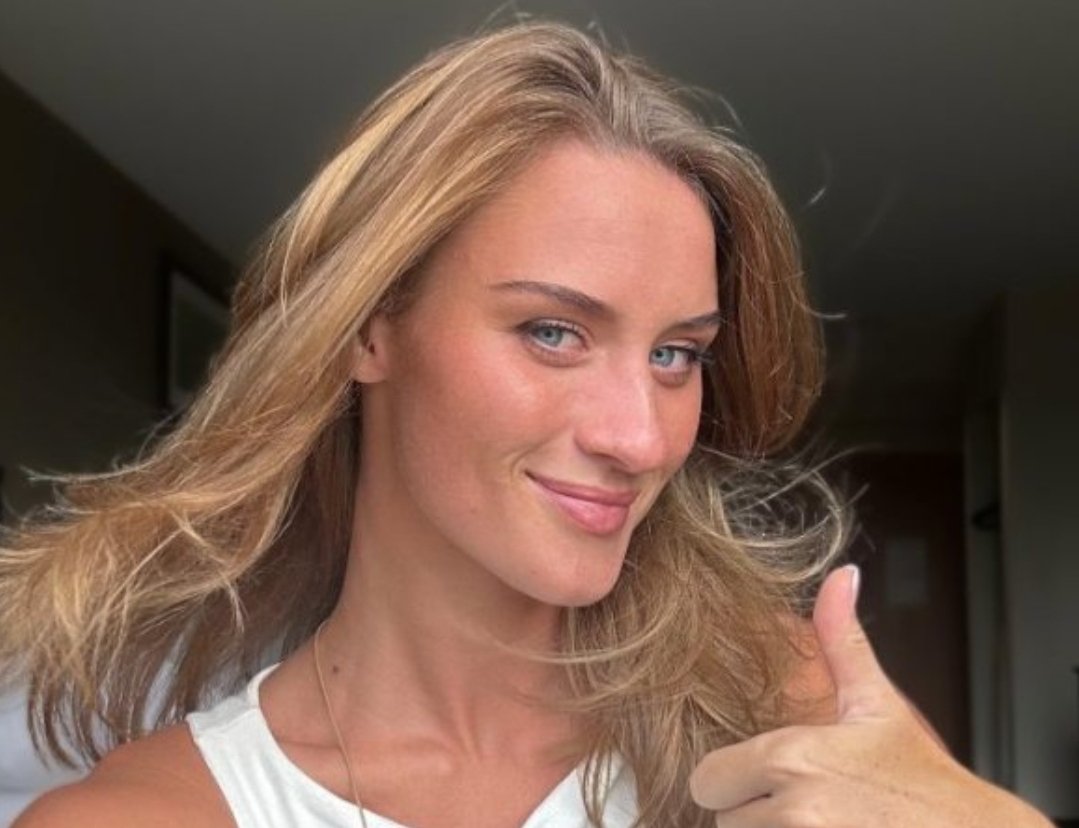 Speaking of Neo Nazis in USA, this hag is hogging the limelight these days. She is Lilly Gaddis, a Jew/Hindu hating Neo Nazi nationalist who claims to be of Aryan stock. Lol. She's herself born of a Jewish father and was sleeping with a Persian Muslim and is now raising a mixed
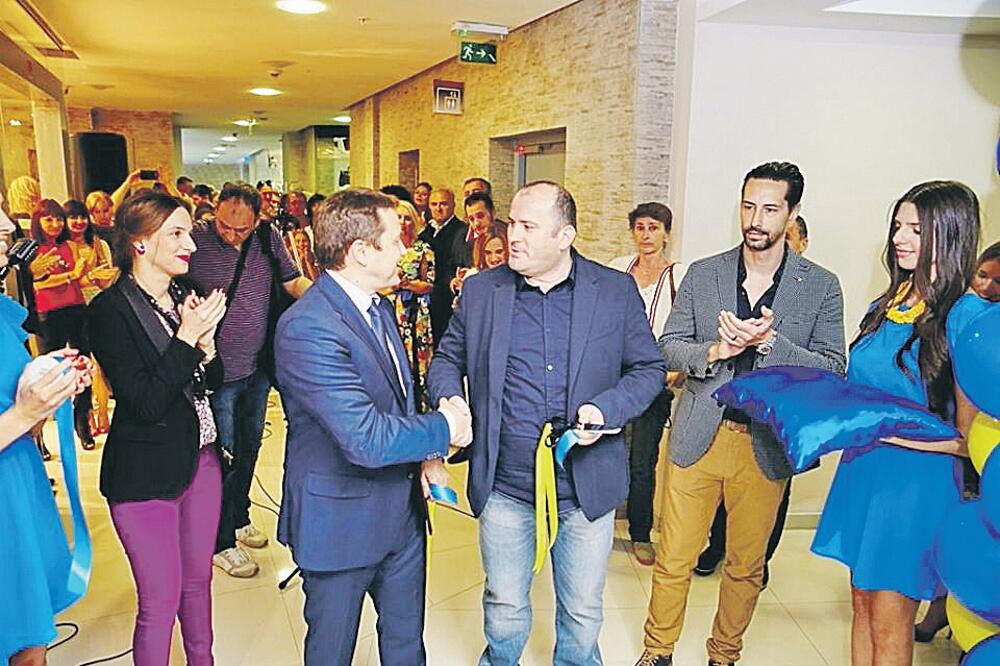 Budva bioskop, Foto: Vuk Lajović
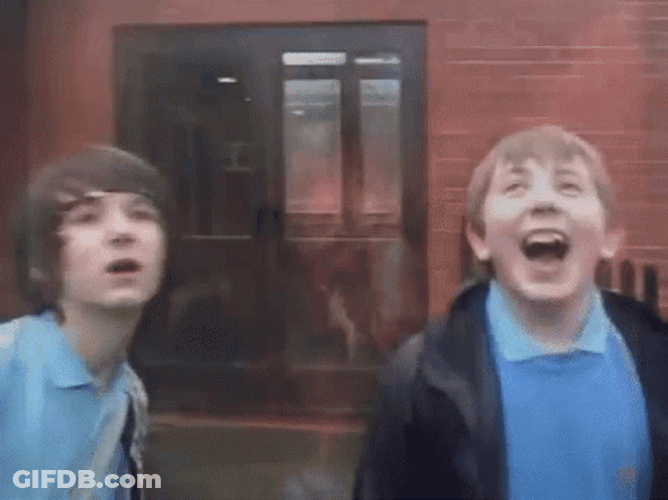 Head Slap Funny Friends Laughing Meme GIF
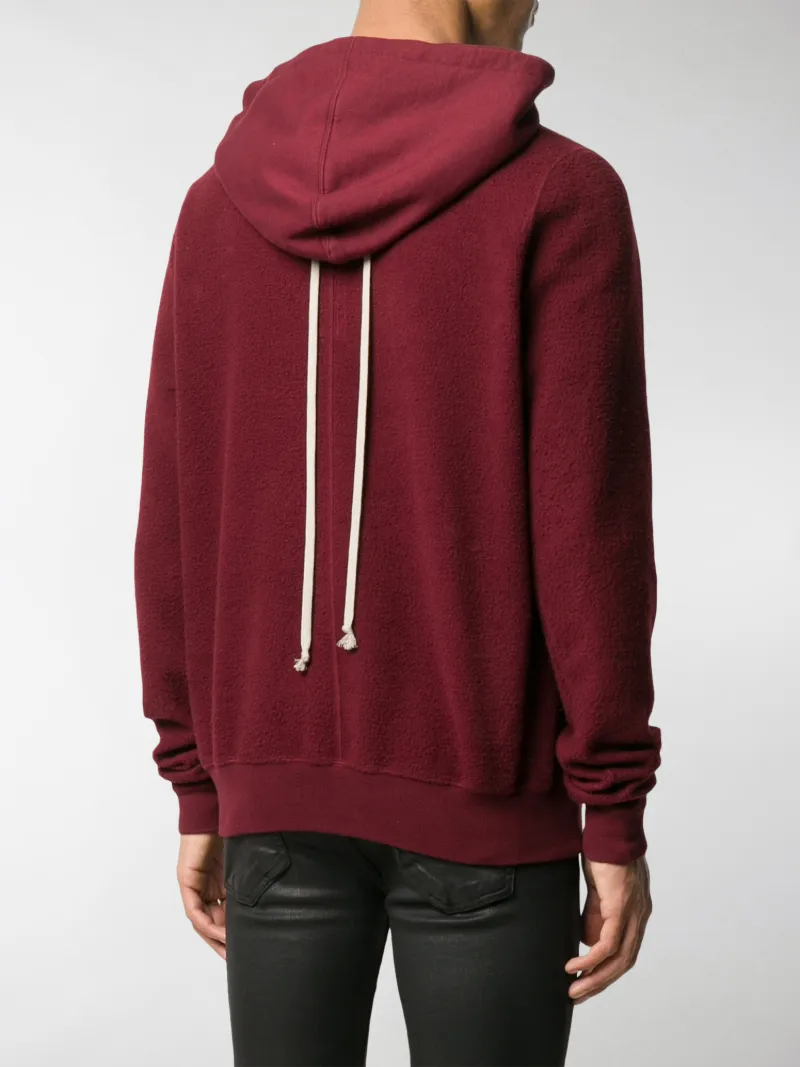 oversized fit hoodie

--------

_Your instructions_: Leave out the pictures, and write out exactly the lines from the one containing "Budva bioskop, Foto: Vuk Lajović" through the last line of the listing, both included.

_Exercise result_:
 Budva bioskop, Foto: Vuk Lajović
 Head Slap Funny Friends Laughing Meme GIF
 oversized fit hoodie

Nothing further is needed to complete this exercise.